Perhaps to help readers with their selections, bbc.com recently published a little "seminar" on guitar riffs by Chicago Tribune music critic Greg Kot.
 
Kot's musings are below for all Guitar Player readers to evaluate. Do you agree with his views?
 
If — as a fervent, card-carrying guitar player — you want to offer up your own picks for the "Greatest Rock Riffs of All Time," please send them to me at mmolenda@musicplayer.com, and I'll publish the results in a future issue of GP.

Here's what Kot had to say on the matter...

Rock guitar solos? Often they’re overblown, overrated and a waste of precious notes. To those who worship them, I say listen to more jazz – because that’s where the greatest soloists make their living. But the guitar riff? Now we’re talking. That always has been, and in many ways still is, the essence of rock ‘n’ roll – at least of the guitar-bass-drums variety that has thrived since rockers like Chuck Berry showed everyone how it was done.

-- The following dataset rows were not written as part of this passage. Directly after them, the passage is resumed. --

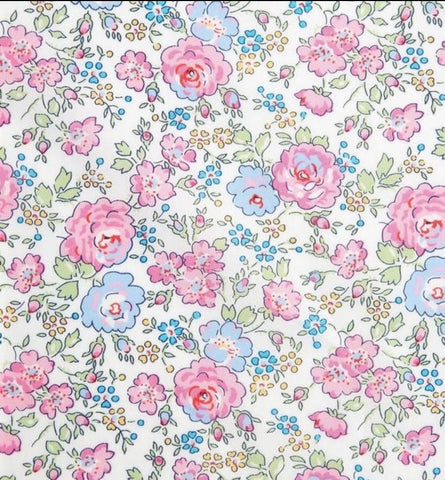 QUILTEDE JAKKE / FELICITE PASTEL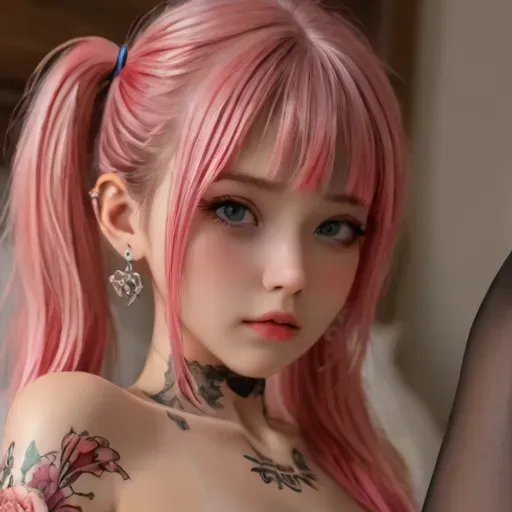 AI色情图片生成器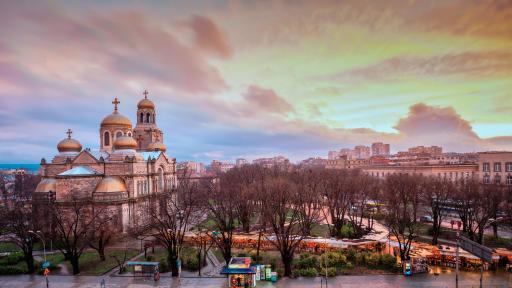  Варна, България 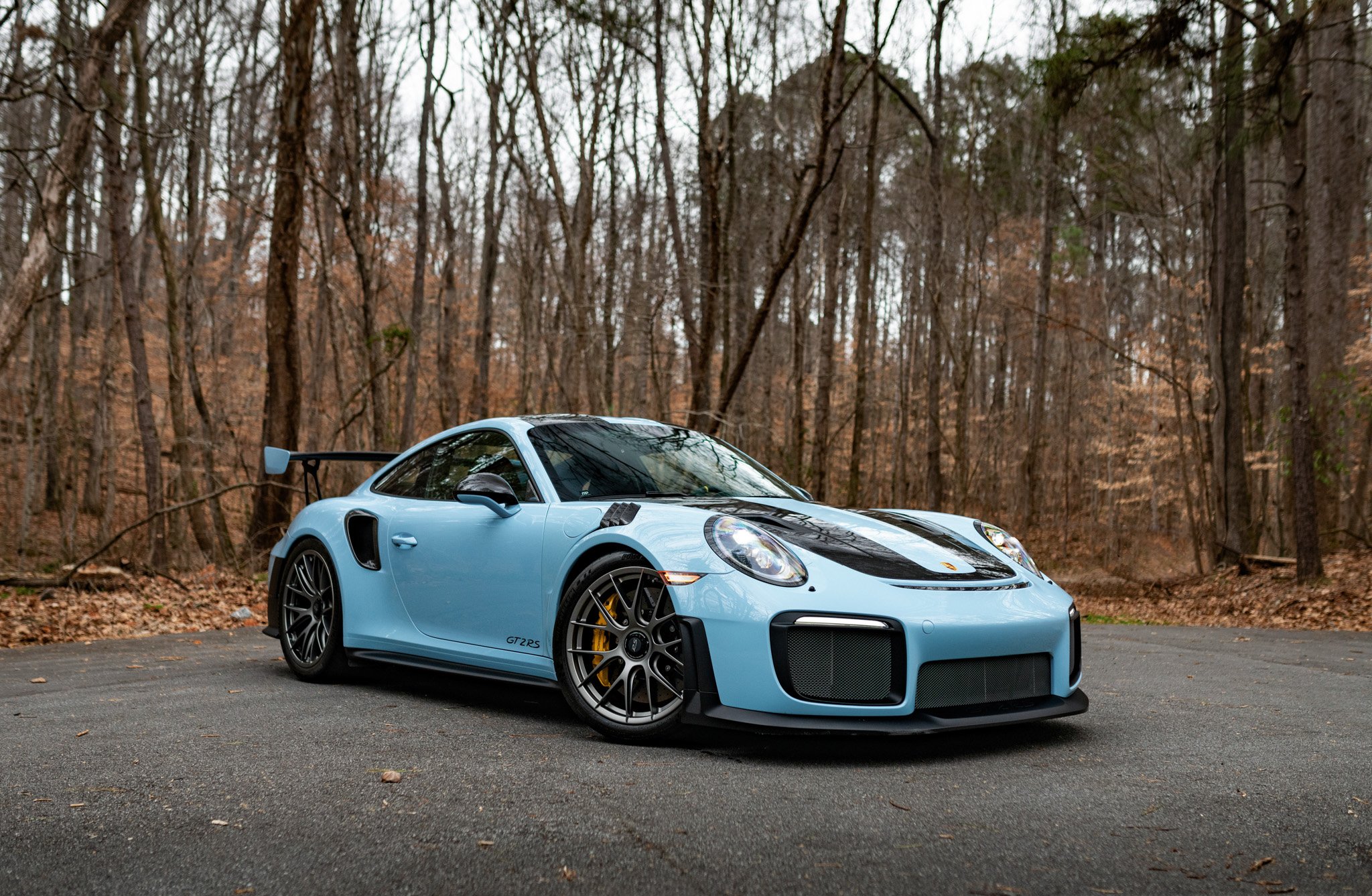 2018 Porsche GT2RS for sale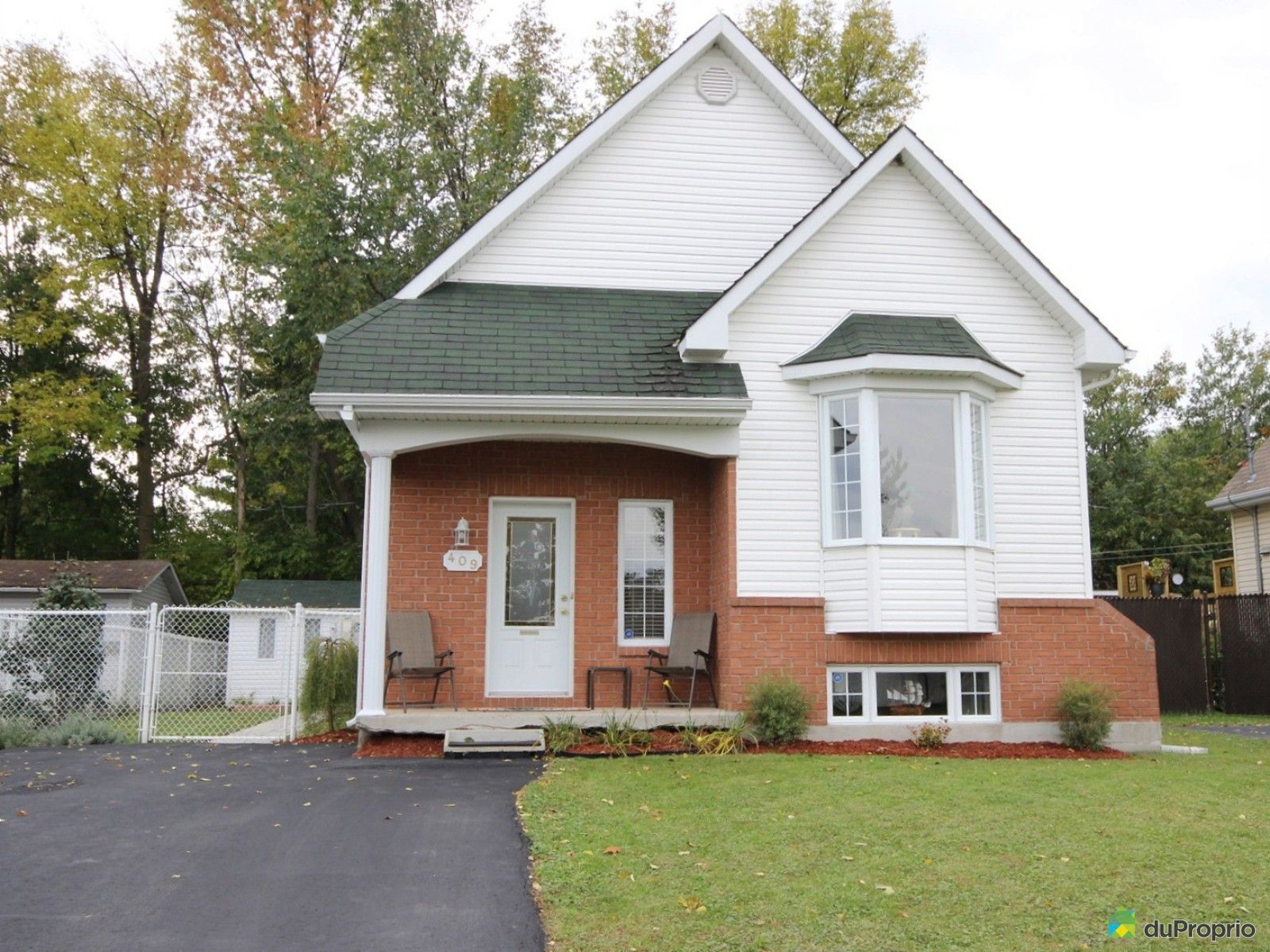 PointeCalumet à vendre DuProprio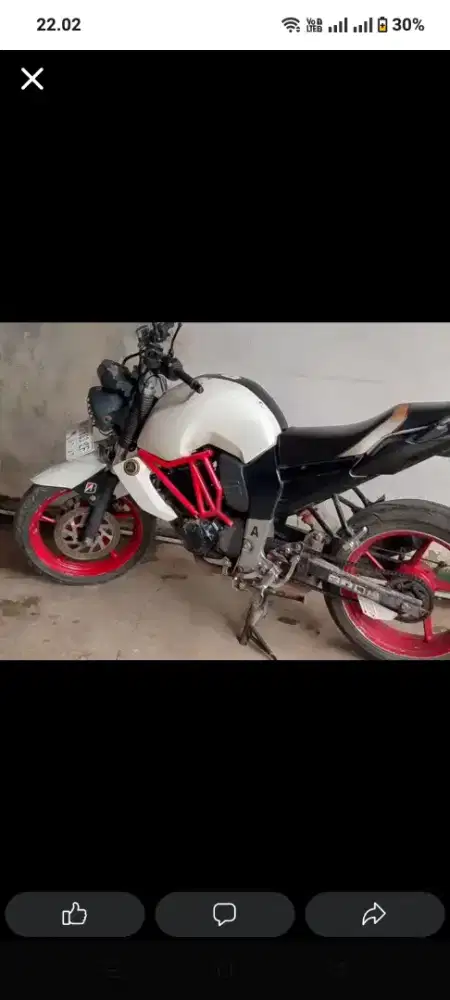 motor byson siap pakai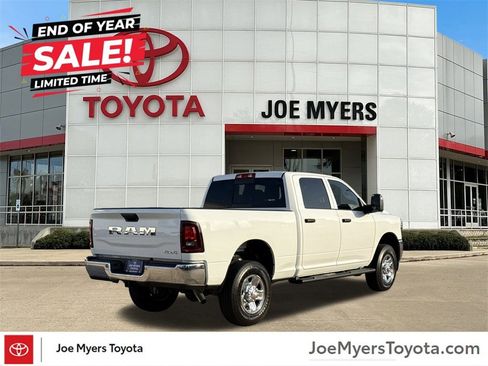 Used 2025 RAM 2500 Tradesman image 4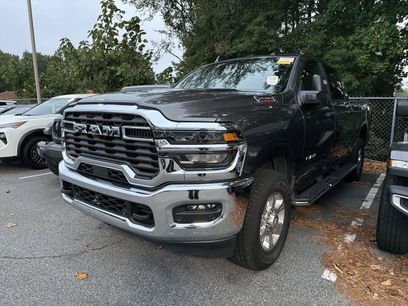 Used 2026 RAM 2500 Big Horn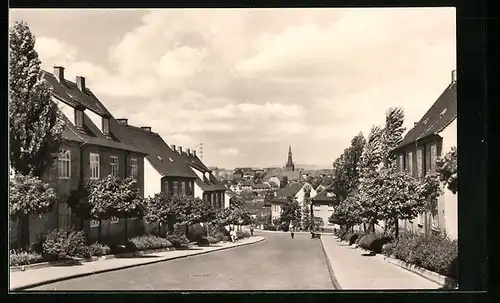 AK Eisleben, Fritz-Wenck-Strasse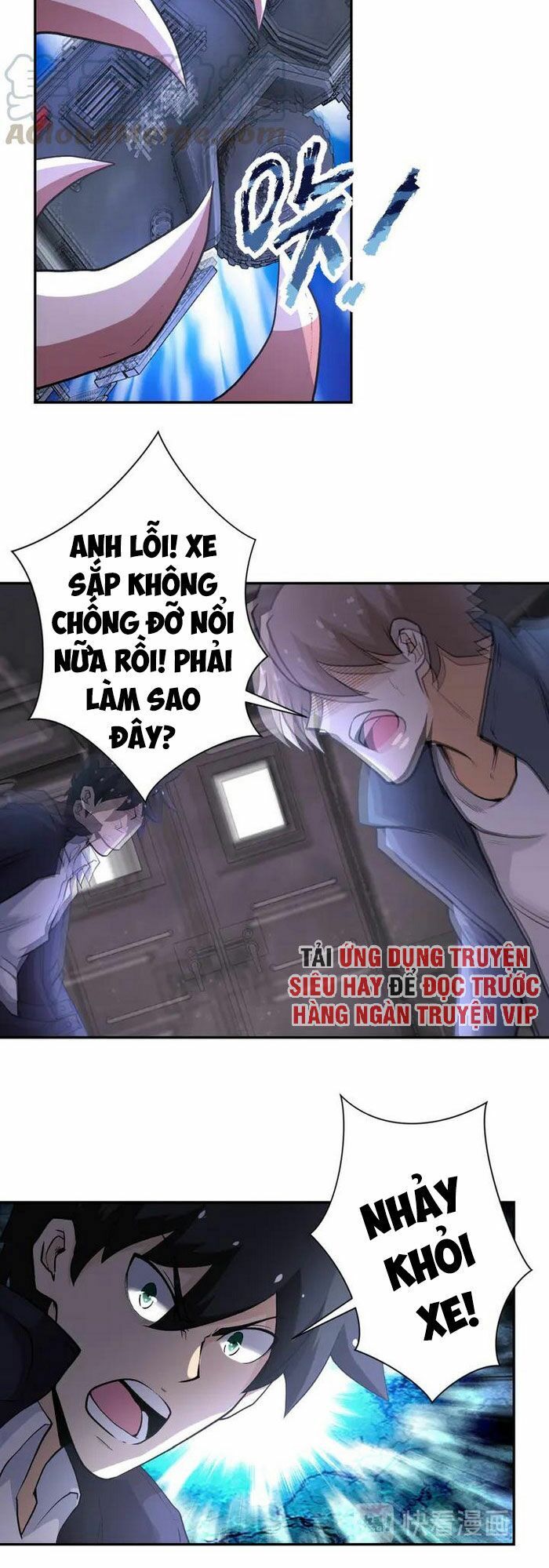 đọc truyện Mạt Thế Siêu Cấp Hệ Thống Chương 113 ảnh 21 tại Truyện Dạ Ký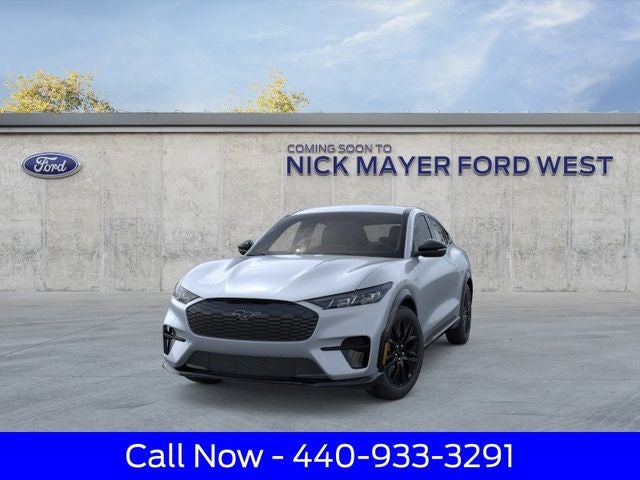 2026 Ford Mustang Mach-E Premium In-Transit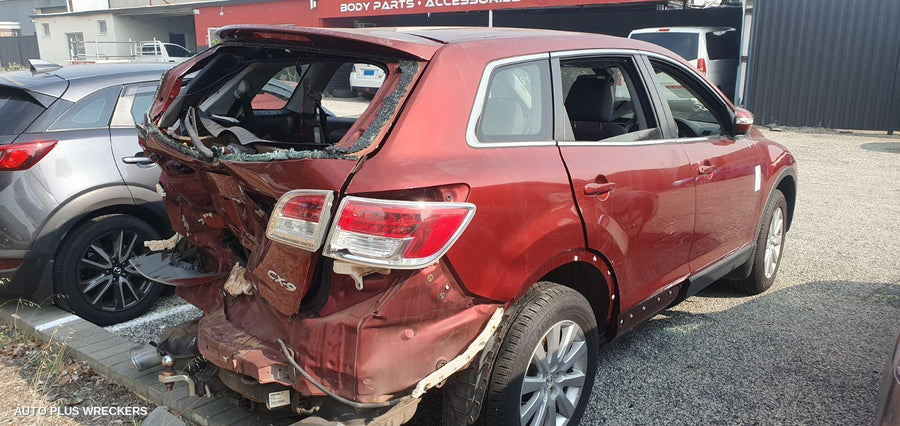 2008 Mazda Cx9 Right Door Mirror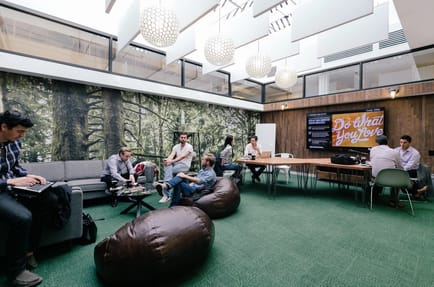 Image 3 of WeWork Fine Arts - 811 West 7th Street - Los Angeles - CA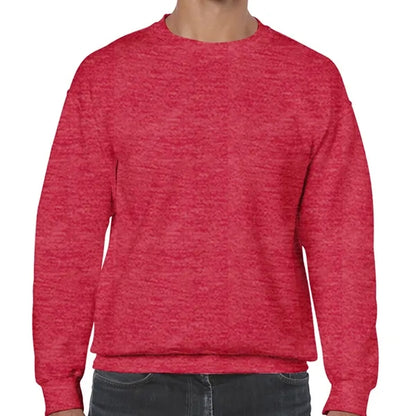 Gildan Heavy Blend Adult Crewneck Sweatshirt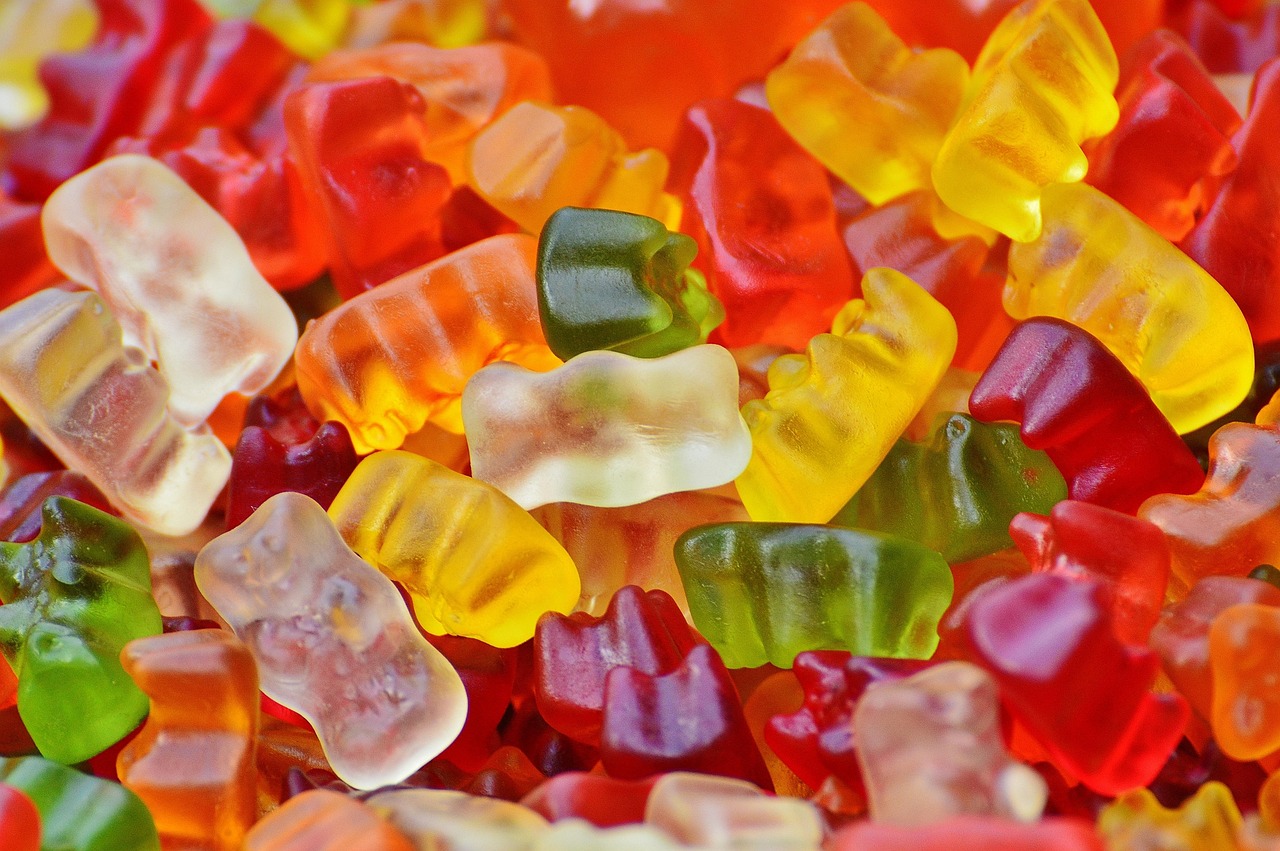 CBG Gummies Dosage Guide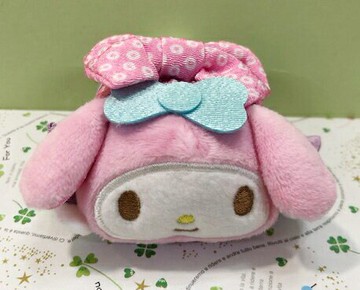 【震撼精品百貨】My Melody 美樂蒂 Sanrio迷你造型玩偶-和服#05498 震撼日式精品百貨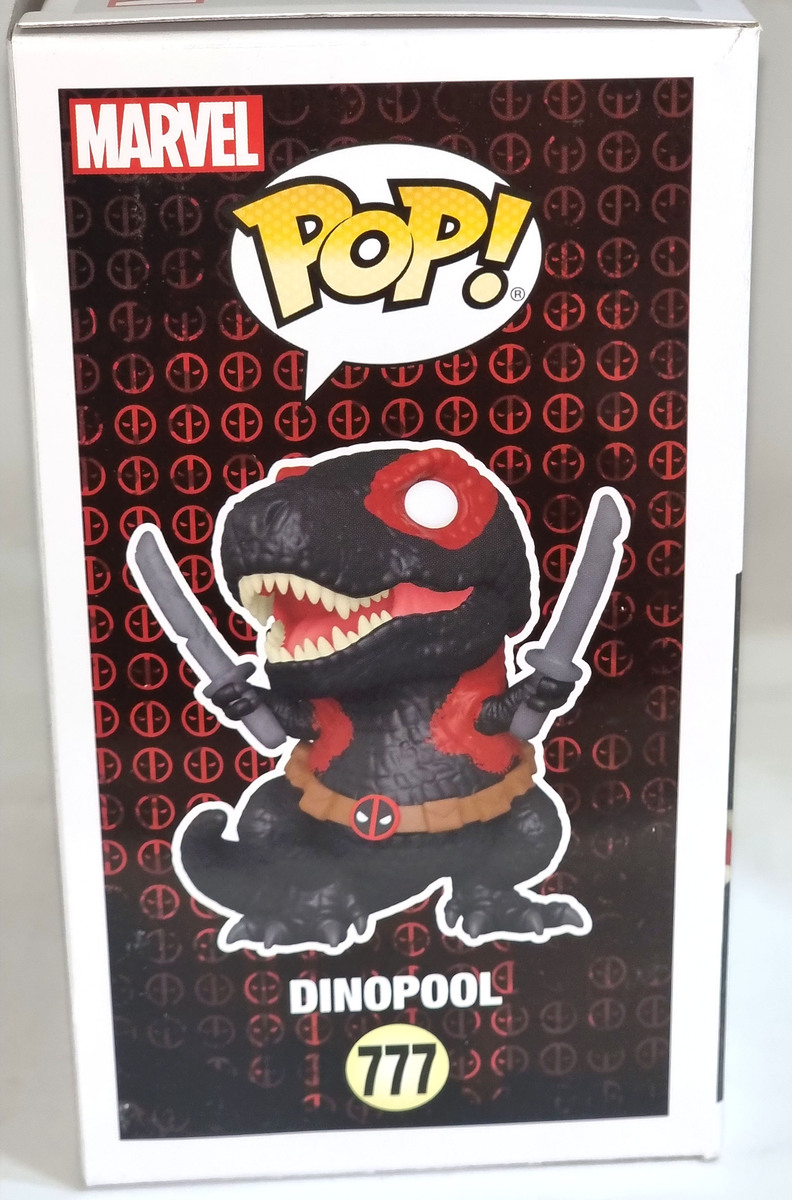 black dinopool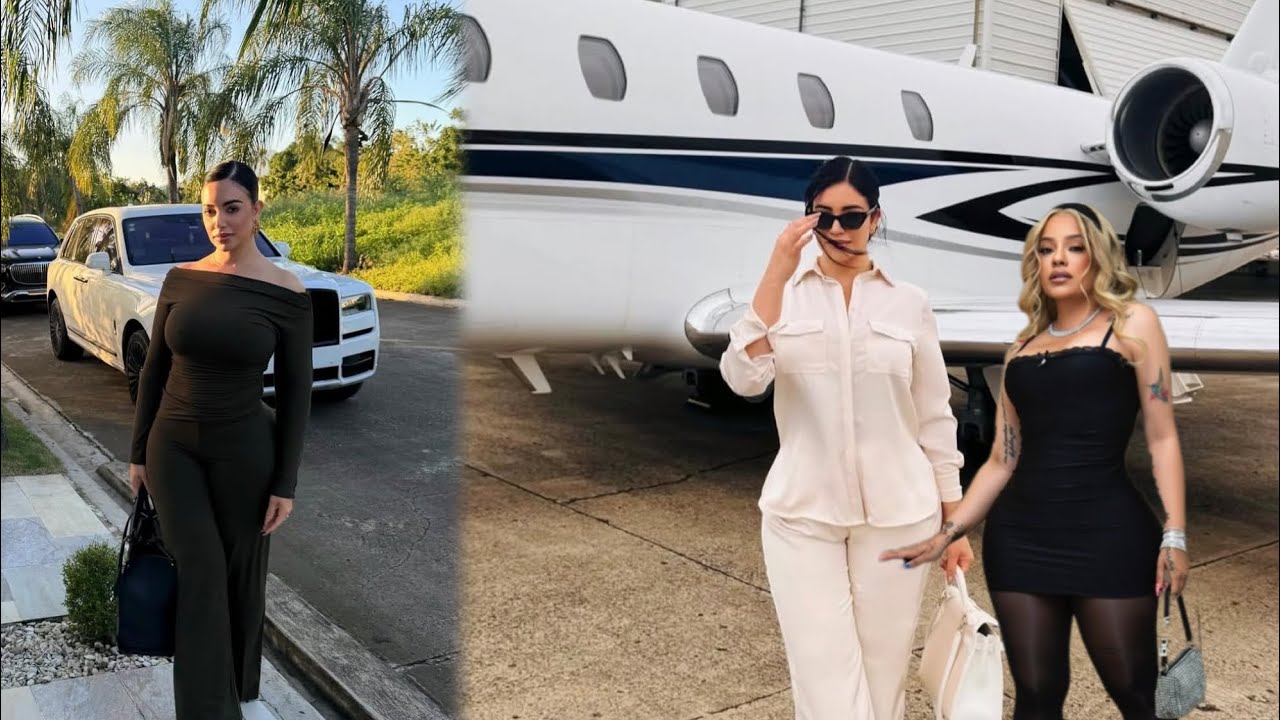 La mujer de David Ortiz y la insuperable se fueron juntas en un jet privado  de vacaciones Solas - YouTube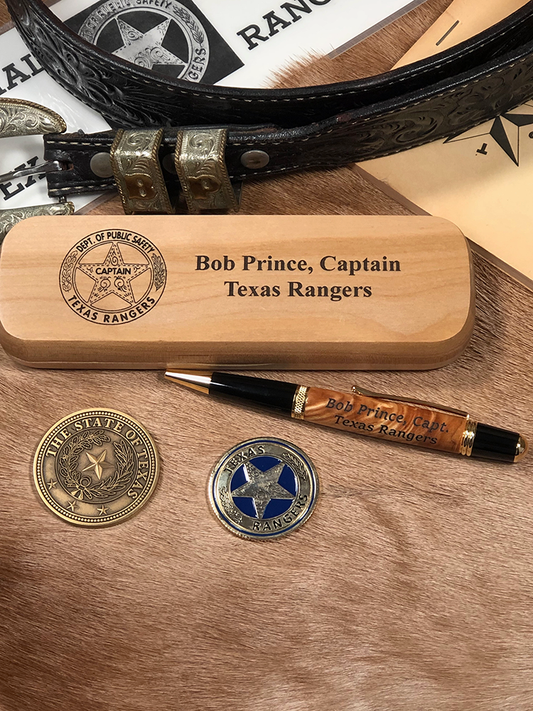 Executive Wood Pen Gift Boxes/Sleeves image 0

A riff, when done right, can shape a song and often rule it. It’s a brief statement – sometimes only a handful of notes or chords – that recurs throughout the arrangement and can become the song’s central hook. Many of the greatest songs of the rock era begin with a riff – The Rolling Stones’ "(I Can’t Get No) Satisfaction," Deep Purple’s "Smoke on the Water," Aerosmith’s "Walk this Way," The Smiths’ "How Soon is Now," Nirvana’s "Smells Like Teen Spirit," The Isley Brothers’ "Who’s That Lady?" and when done that spectacularly, the riff becomes the core of the tune — its most memorable feature when listeners play it back in their head. You can hum a riff or sing it like a melody, and best of all you can rock it on air guitar.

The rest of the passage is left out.